1942 novel by Eve Langley

The Pea-Pickers is a novel by the Australian writer Eve Langley, first published in 1942. It is a first person, semi-autobiographical narrative about two sisters who travel in the 1920s to Gippsland, and other rural areas, to work as agricultural labourers. It shared the 1940 S. H. Prior Memorial Prize (run by The Bulletin) with Kylie Tennant's The Battlers.

The Pea-Pickers received much critical acclaim when it was published, but then interest lapsed and, in the next few decades, it received only "sporadic critical attention". It has been discussed briefly in studies of the Australian novel, but by the early 1980s, only Douglas Stewart had done a lengthy analysis of it. However, in 2001 it was re-released by Angus and Robertson in their Classics series. It has been described as "one of the more extraordinary novels of the first half of the twentieth century in terms of pastoral imagery".

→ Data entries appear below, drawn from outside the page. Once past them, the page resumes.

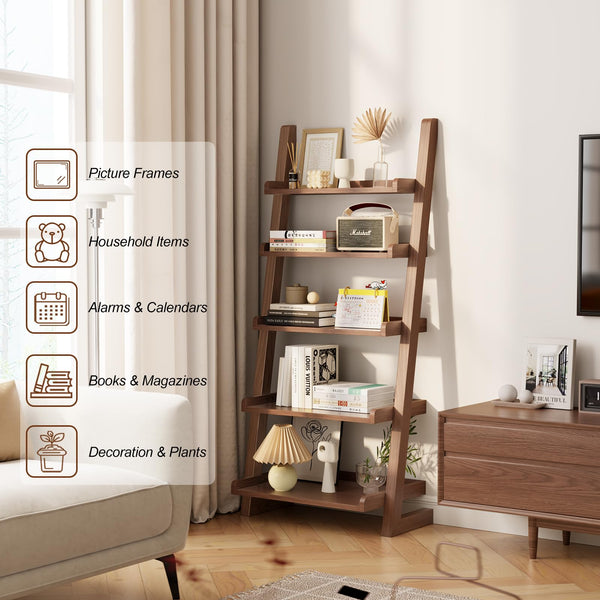 5-Tier Leaning Ladder Bookshelf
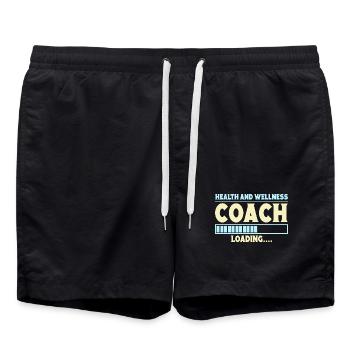 Fitness Motivation Bodybuilder Health Coach Gym - Swim Trunks - black - Front - AI Model Male 185 light (185cm)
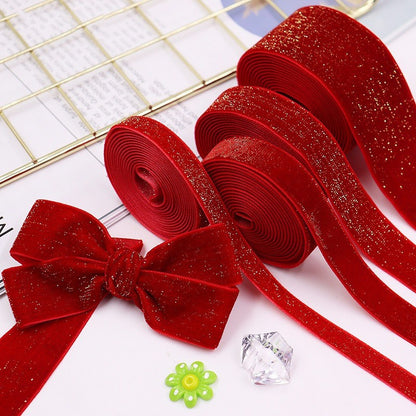 6/10/20/38mm Christmas Velvet Bow Gift Ribbon Packaging DIY New Year Red Velvet Gold Glitter Festival Ribbon for DecorationDD14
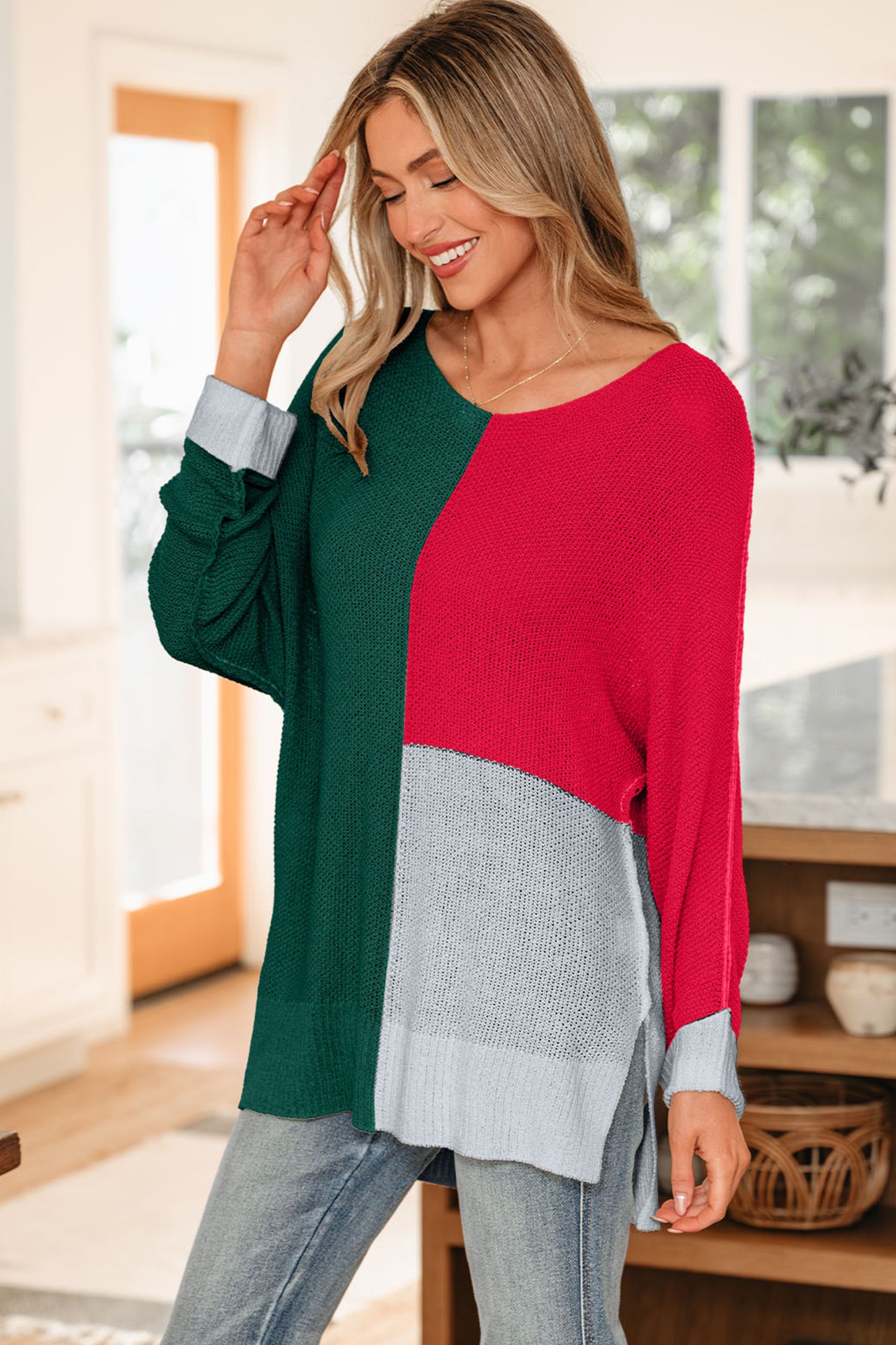 Evergreen Color Block Knit V Neck Loose Sweater-TOPS / DRESSES-[Adult]-[Female]-2022 Online Blue Zone Planet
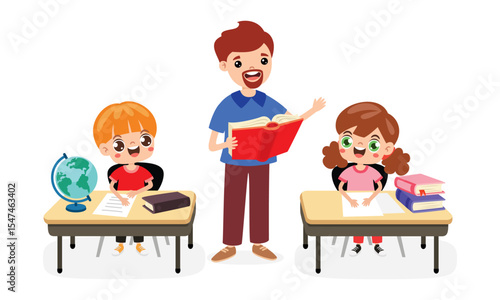 Classroom Scene With Cartoon Characters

The book was not written until the 1940s but is based on her diary and other writings of the 1920s. It combines both autobiographical and fictional elements, and transposes some characters from her later life. The main character, Steve, appears in several other works of hers. In an interview in 1964, Langley said about writing the book that it was "like a tapestry that I could embroider rapidly".

==Plot summary==
The novel has a thin plot: two sisters, dressed as men and taking men's names, Steve and Blue, decide to work as agricultural labourers in Gippsland, the place their mother has told them about throughout their childhood and with which they feel they have a "spiritual link". The book chronicles their life and work over a few seasons, and particularly describes "the multitude of eccentrics".

The book is divided into four parts:
- Part One: "For the best! For the best!"
Steve and Blue leave home in Dandenong and travel to Gippsland, near Bairnsdale, where they work as apple-pickers. Steve meets and falls in love with Kelly. They then go to Rutherglen to look for work pruning vines but aren't successful due to their gender, and return home to Dandenong. This title of this section, Maxwell suggests, "reflects the general mood and optimism of the first section".

- Part Two: "The Glitter of Celtic Bronze against the Sea"
Steve and Blue return to Gippsland where they work, mostly, as pea-pickers. Kelly had not responded to Steve's letters, and in this part she falls in love with Macca. Maxwell writes that the title of this section "is from Steve's idealisation of Macca, her lifelong love, whom she sees sometimes as Charon, the mythical Greek boatman on whom the goddess Venus bestowed youth and beauty. The Celtic bronze of his reddish hair is set against the colour of the sea".

- Part Three: "No Moon Yet"
Steve and Blue travel to the Ovens Valley in Northeastern Victoria and obtain work harvesting hops and maize. They spend some of this time out of work, and struggle to feed themselves. They thieve food to survive, most often from the Italian itinerant workers living near them. Steve pines for her love, Macca. The title, Maxwell writes, "expresses Steve's growing impatience and despair as she waits for sings of affection from Macca, her one true love, who has gone up-country".

- Part Four: "Ah, Primavera"
Steve and Blue return to Gippsland for another season of pea-picking. Macca is not there, and Steve learns that he has gone droving and has another "girl". At the end of picking, Blue returns home to marry, at Steve's encouragement, and Steve remains alone in Gippsland.

==Characters==
- Steve is the first-person narrator of the novel. She sees herself as a poet. The novel focuses primarily on her search for love and "to be loved". "She is moody, passionate and discontented with her life".
- Blue is Steve's sister and "acts as a foil for Steve, and a target for her envy". She is beautiful and is more extroverted than Steve. She is also more pragmatic. The sisters quarrel often, but are devoted to each other.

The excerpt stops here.